『女王様と私』

女王様と私THE QUEEN AND I(スー・タウンゼンド Sue Townsend 橘雅子・訳 第三書館)を読み終えた。エイドリアン・モールのシリーズの作者による作品だったので気になって。1992年に発表されたもの。サブリミナルの広告で圧勝した共和党によって、イギリスのロイヤル・ファミリーがバッキンガムから追い出されて労働者階級の人々の中で普通の生活をさせられる話で、ここではまだダイアナはチャールズと別れていない。実名を使ったフィクションでかなり笑える。
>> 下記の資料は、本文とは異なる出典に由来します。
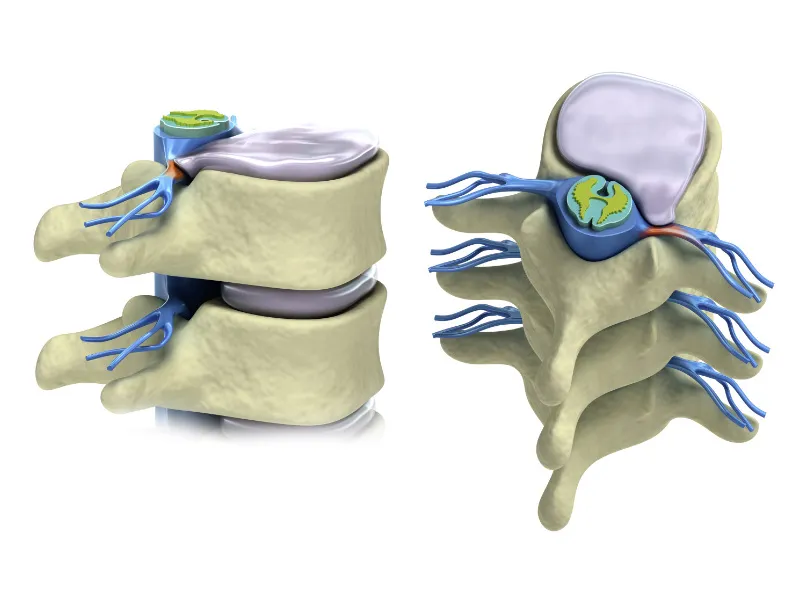 Herniated Disc Chiropractor San Diego CA  Natural/Chiropractic Treatment  For Herniated Disc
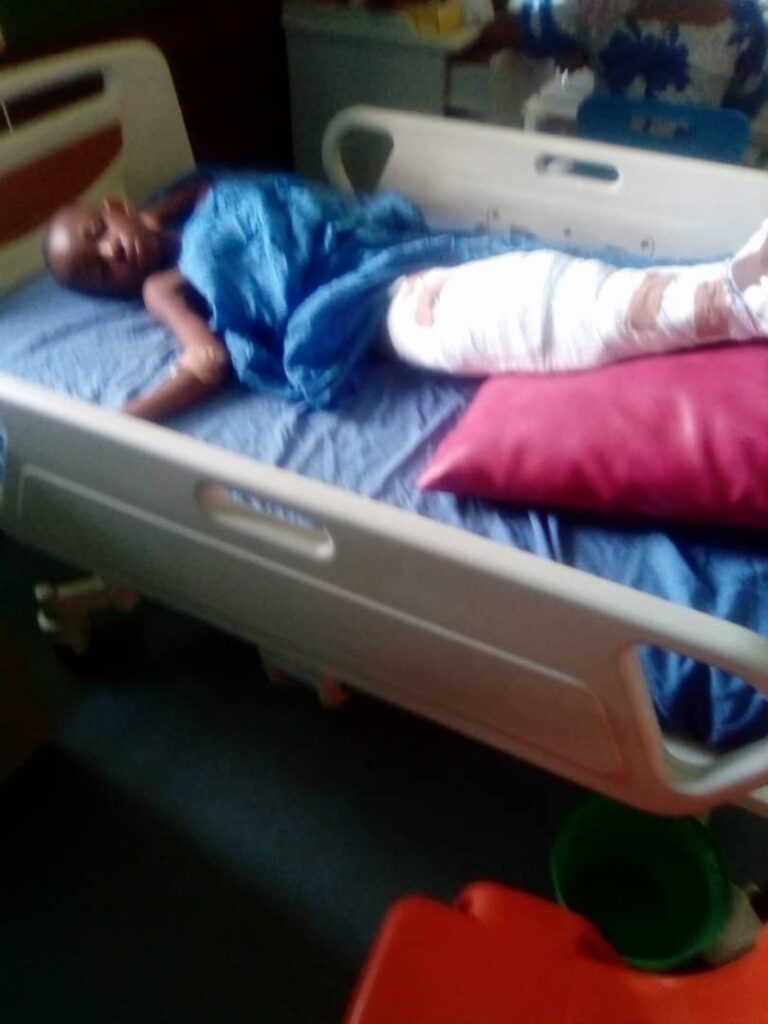Busayo in hospital just after the accident 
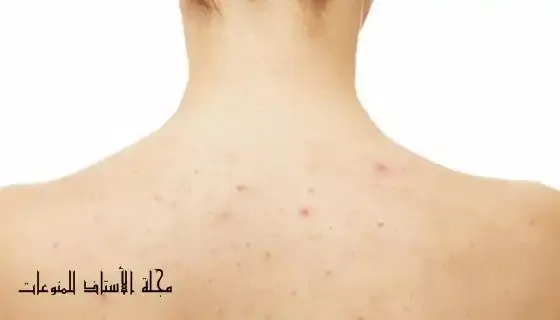 Here-are-natural-remedies-to-get-rid-of-body-pimples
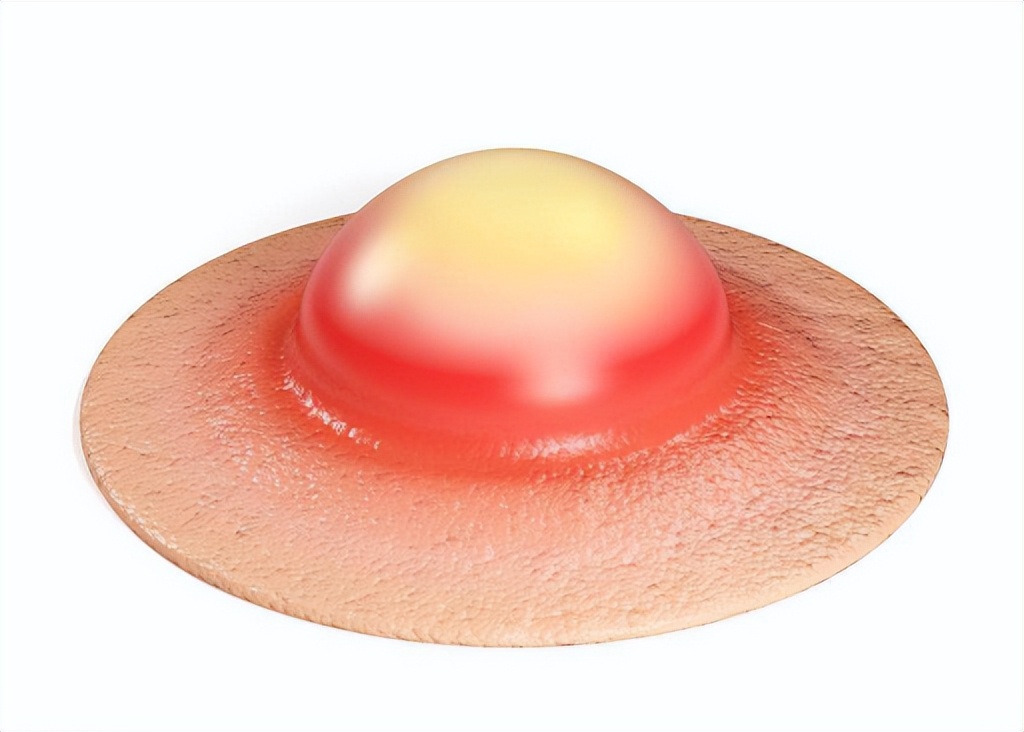 家中的3大卫生死角，竟是“病菌窝”？快看看你家有没有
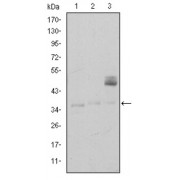 Western blot analysis using CD1A antibody against K562 (1), RAJI (2), and MOLT4 (3) cell lysate.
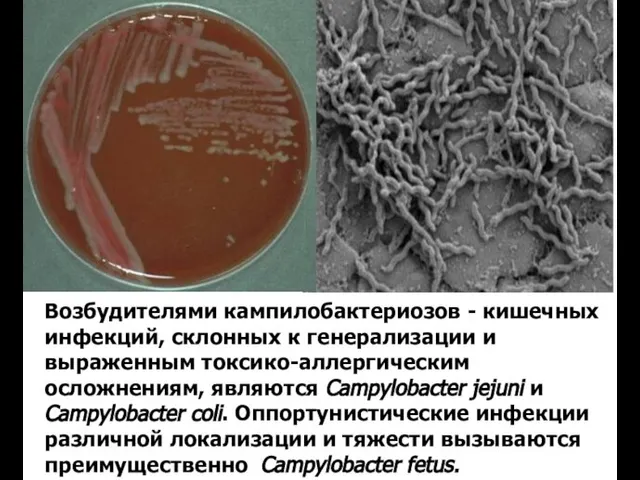 Возбудителями кампилобактериозов - кишечных инфекций, склонных к генерализации и выраженным токсико-аллергическим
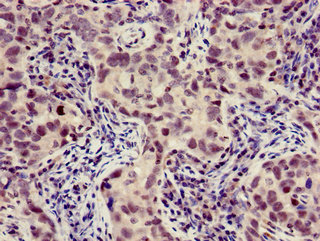 XBP1 Antibody - Immunohistochemistry of paraffin-embedded human pancreatic cancer using XBP1 Antibody at dilution of 1:100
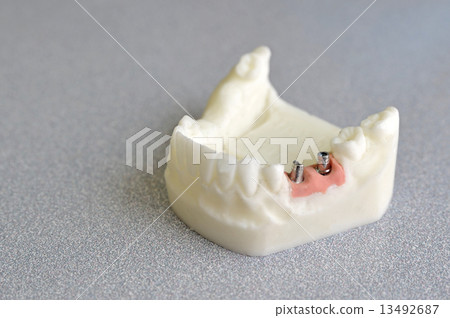 Dental tooth implants 13492687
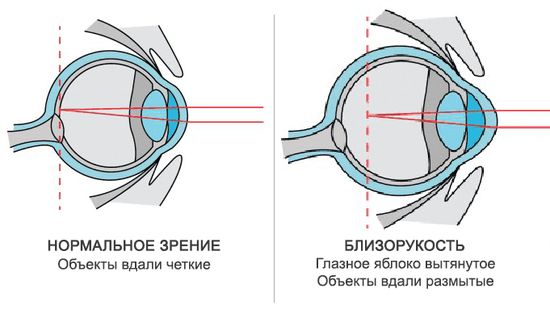 Нормальный глаз схема. Удлиненное глазное яблоко близорукость. Дальнозоркость и близорукость строение глаза. Схема глазного яблока при близорукости. Близорукость строение глаза.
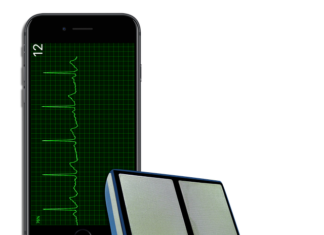 wykres ekg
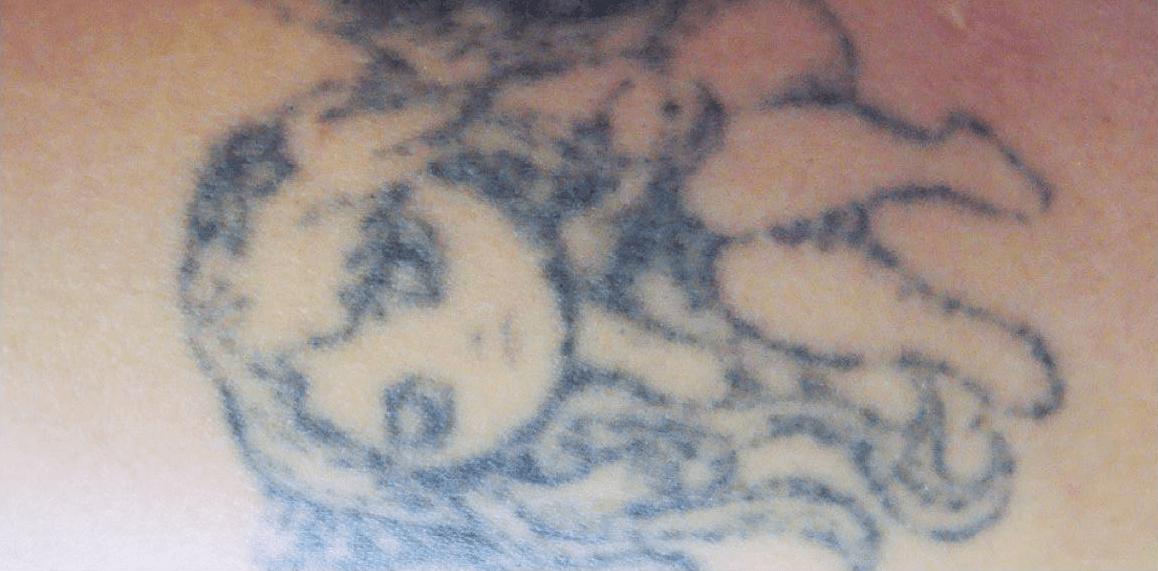 Свести татуировку лазером в Мурманске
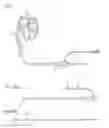 Fig. 02 - Medical device and treatment method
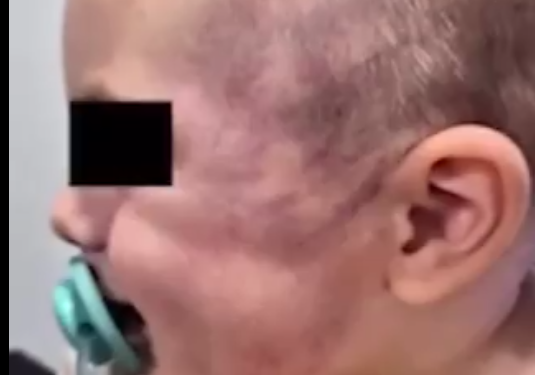 Un bebé de 8 meses fue brutalmente golpeado en un jardín de Córdoba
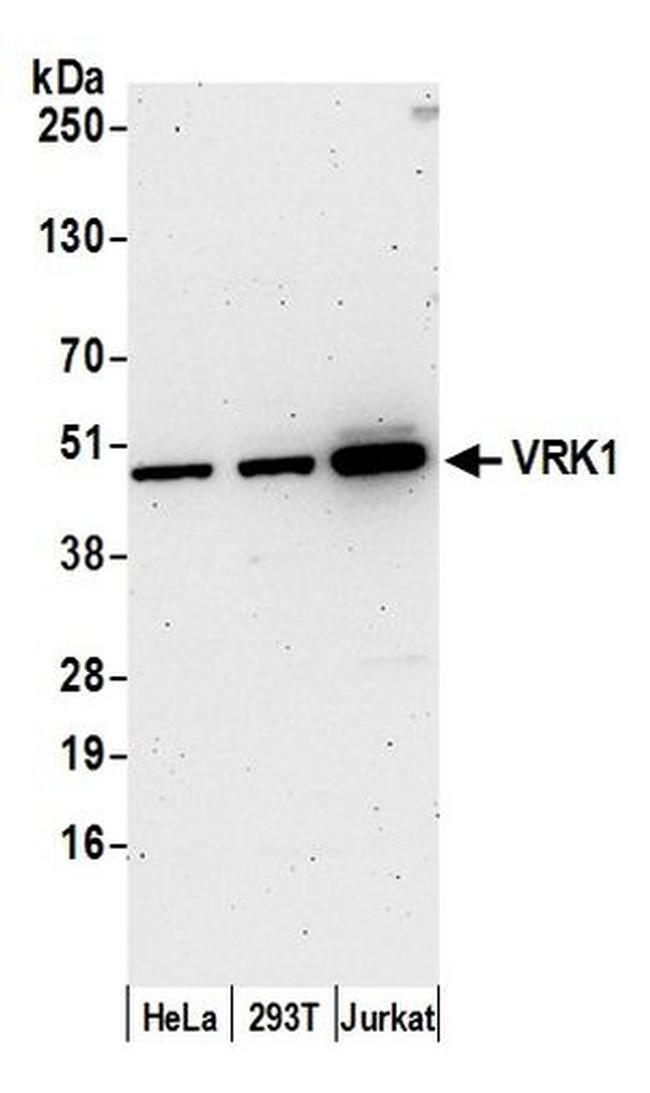 VRK1 Antibody in Western Blot (WB)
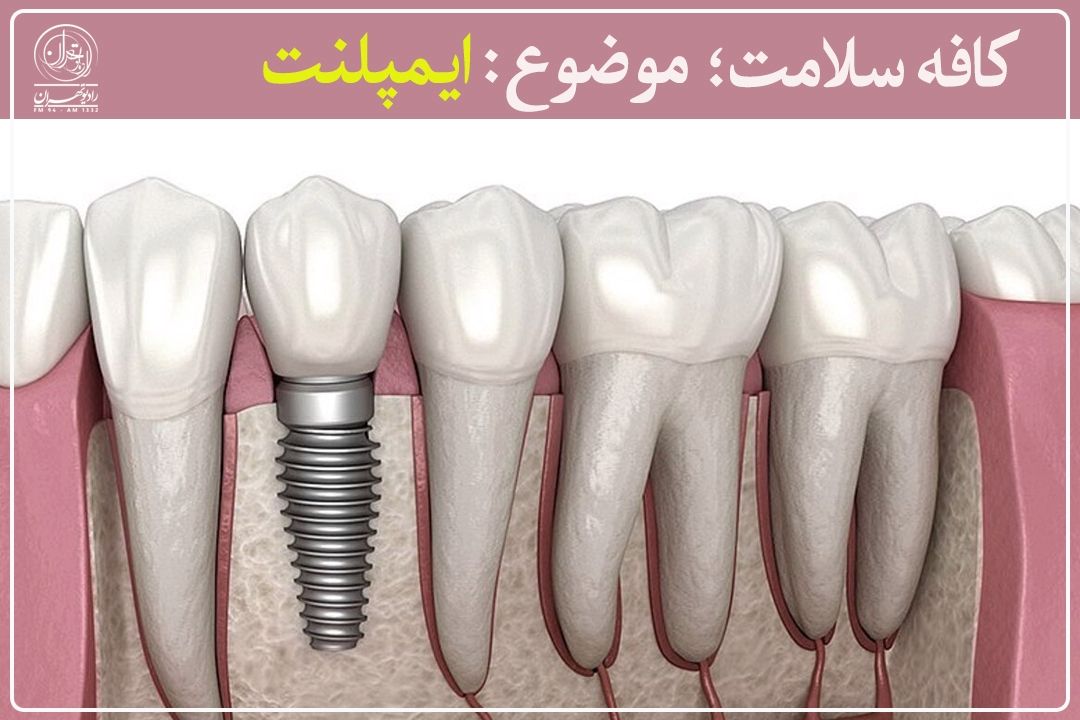 چه كسانی نمی‌توانند از ایمپلنت استفاده كنند؟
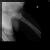 ORTHOPEDIC CLINIC- MAGNA CLINICS Image 3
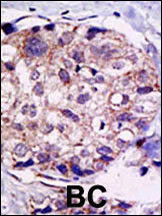 Rabbit Polyclonal Antibody to USP2 (C-term L523)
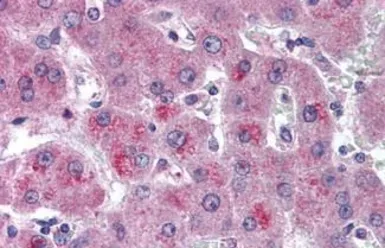 Anti-HTRA3 antibody used in IHC (Paraffin sections) (IHC-P). GTX85675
女王様が素敵。
ただ、文中で日本の王女、清子が父と約束して読んでいる本が『船に乗った三人』、すでに読んだ本として『ウィンド・イン・ザ・ウィロー』と『不思議の国のアリス』、『ジェマイマ・パドルダック』、『プー・コーナーの家』があげられていたのだけれど、『プー・コーナーの家』って『プー横丁にたった家』のことでしょう? 有名な翻訳があるのにどういうこと? で、他も気になって調べたら『ウィンド・イン・ザ・ウィロー』は『たのしい川べ』(THE WIND IN THE WILLOWS)、『ジェマイマ・パドルダック』はピーターラビットの『あひるのジマイマのおはなし』(THE TALE OF JEMIMA PUDDLE-DUCK)、どちらも有名で、憶えていないもののあたしだって子どもの頃にたぶん読んでいるはず。石井桃子の訳はお気に召さない? 古い訳が気に入らないなら好きにしてくれてもいいけど、後の2つはどんな本かイメージできないじゃないのよう。『船に乗った三人』だけ心当たりがなくて「船」とか「三人」とかで検索しても分からず困っていたところ、ちょうどバルタザールから電話があったので「原題も分からないのだけれど、「船に乗った三人」っていう意味に近いタイトルでイギリスの有名な児童書知らないかしら?」と聞いてみたら、『ボートの三人男』(THREE MEN IN A BOAT)! 原書がないから確認できないけれど、きっとまさしく、それ。素敵! これは知らなかったけれど有名なのだそう。勝手な邦題つけないで。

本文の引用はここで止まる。